Does compress work when you are doing a select from one compressed table to another compressed table, or from a production server to a development server?
Can you revert back to an uncompressed database?

Thanks again for the great website! Always lots to read and discuss here 🙂

Reply
- Brent Ozar
  April 20, 2012 6:53 am
  
  Rudy – compression is totally invisible to queries. It only affects how the database engine writes stuff to disk. You can indeed revert by taking away the compression, but keep in mind that databases with compressed objects can only be attached to SQL Server instances running Developer or Enterprise Edition.
  
  Reply
Rudy Panigas
April 20, 2012 6:59 am

Thank you Brent!

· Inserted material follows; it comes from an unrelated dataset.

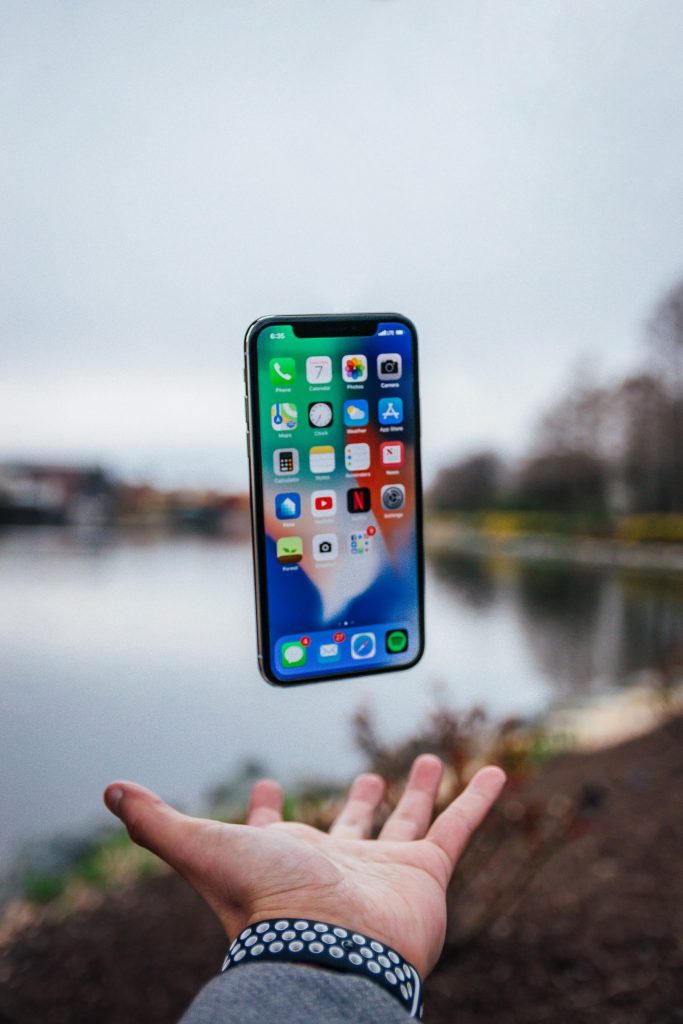 A smartphone displaying various mobile apps floating above a hand in an outdoor park setting with a lake in the background to showcase top eco-friendly apps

One last comment, is there any reason why you wouldn’t use compression on a database?

Reply
- Brent Ozar
  April 20, 2012 7:00 am
  
  Yes, there’s several. If my disaster recovery server is Standard Edition, if I’m dealing with very frequently updated data, if I’m dealing with data that doesn’t compress well, etc. You want to test it out in each case and monitor it closely to make sure it’s solving a problem – like any other feature, don’t implement it unless it’s the best solution to a problem you’re trying to solve.
  
  Reply
Rudy Panigas
April 20, 2012 7:13 am

Once again, Brent (Bacon Man) Ozar saves the day!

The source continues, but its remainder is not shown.